From an alternate universe!

Yes, an alternate universe where Birthday Cake from Shaw's is health food, and vegetables are junk food.

An alternate world where all you kids go to public school.

An alternate world where Ulysses is a Hippie. With long hair. And a Volkswagen Bus.

And don't even ask about what your Mom and Dad is like here.

An alternate universe where our families actually live right next door to each other. As a matter of fact, you are over here right now, and it is really creepy because you are watching me type this. Whoa, this is weird.

Hey, stop hitting me with your Riding Crop! That hurts!!!

In this universe, you are still having your birthday today, although this month is known as Glacqnor (the Q is silent), so you were born on the 41st of Glacqnor here.

There is one thing here that is the same: You are a very precious young lady to us here too, and we love you very much.

And so, your alternate universe friends wish you a very Happy Birthday. We hope you enjoy lots of yummy Brussels sprouts and asparagus which is what we'll be having here.

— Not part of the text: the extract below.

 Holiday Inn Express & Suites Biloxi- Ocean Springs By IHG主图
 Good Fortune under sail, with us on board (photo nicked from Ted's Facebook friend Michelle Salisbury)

Hey, quit hitting me with your Riding Crop, and stop kicking me (O.K., I guess some things don't change, even in alternate universes)!

18 Years Ago Yesterday...

18 Years ago, the Mendoza Family got its shaky start. right before our Wedding, there was a Funeral for a Lady who was also named Mendoza (no relation), who had no flowers and no one really to serve her Funeral Mass. Hey, how about 6 current or former Seminarians to Serve? the person who delivered our flowers was early, so we got two uses out of the flowers.

Here is a picture of the happy couple right after the Wedding at St. Mary of the Nativity Church in Salinas, Halloween, 1992.

The Priest who witnessed our wedding was really nice. We can't recall his name right now. We often wonder what happened to him, what he's doing right now.